International Agreements


Double Tax Treaties

The Island only has one Double Taxation Agreement which was entered into with the United Kingdom in 1955 and is very similar to the equivalent agreements between the UK and Jersey and Guernsey.

The treaty does not conform to the OECD standard model treaty. Its main features are as follows:

  1. the profits derived from an industrial or commercial enterprise in one country will not be taxed in the other country except to the extent that they are attributable to a permanent establishment;
  2. profits of shipping or air transport attributable to a resident of either country are not taxed in the other country, regardless of 1.
  3. an individual resident in only one of the two countries is exempt from tax in the other country on personal, including professional services performed in the other country on behalf of a resident of his own country (but they must be taxed in his own country)
  4. if despite the above, tax is payable in both countries, the tax paid in one country is allowed as a credit against tax due in the other.

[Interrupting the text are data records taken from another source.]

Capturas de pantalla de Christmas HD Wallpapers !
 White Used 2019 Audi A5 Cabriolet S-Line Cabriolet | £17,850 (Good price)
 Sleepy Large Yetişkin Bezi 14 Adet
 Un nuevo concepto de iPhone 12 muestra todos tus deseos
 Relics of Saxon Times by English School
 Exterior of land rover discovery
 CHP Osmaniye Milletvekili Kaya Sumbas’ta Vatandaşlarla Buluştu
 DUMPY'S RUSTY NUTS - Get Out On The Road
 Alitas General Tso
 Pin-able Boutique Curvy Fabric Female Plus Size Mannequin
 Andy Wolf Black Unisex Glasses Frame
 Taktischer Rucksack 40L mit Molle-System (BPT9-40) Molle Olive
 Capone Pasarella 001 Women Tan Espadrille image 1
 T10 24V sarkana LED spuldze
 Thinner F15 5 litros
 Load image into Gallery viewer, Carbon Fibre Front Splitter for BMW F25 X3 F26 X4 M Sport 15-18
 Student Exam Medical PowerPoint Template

The agreement specifically excludes dividends and debenture interest from its provisions.

Exempt companies, International Companies and International Limited Partnerships are not entitled to the benefits of the treaty.

The Isle of Man and the Netherlands broke new ground in October, 2005, as representatives from both governments signed a bilateral economic cooperation treaty, the first of its kind between a small international financial centre and an OECD member.

The agreements are part of a Manx/Dutch economic deal – the first of its kind between a small international business centre and an OECD member – aimed at supporting business opportunities between the two countries.

They were signed in the Manx capital, Douglas, on 12 October 2005 by Mr Bell and the Deputy Finance Minister of the Netherlands, Joop Wijn. The agreements were ratified by the Isle of Man's parliament, the Tynwald, at its May 2006 sitting, and on 21 July 2006, the Isle of Man Government received confirmation that the Netherlands had also ratified the agreements. In accordance with the wording of the agreements, they came into force following receipt of the notification from the Netherlands.

According to the Manx government, the deal with the Netherlands is seen as confirming the economic recognition of the Isle of Man by an important European state. It also opens up international business opportunities and paves the way for similar agreements with other countries.

“Normal relations between countries are based on respect, understanding and appropriate agreements. Fiscal agreements, in particular, foster bilateral trade and investor confidence in both countries. The Isle of Man has negotiated skillfully a good package with the Netherlands and has never ignored its international obligations during those negotiations," observed Bell.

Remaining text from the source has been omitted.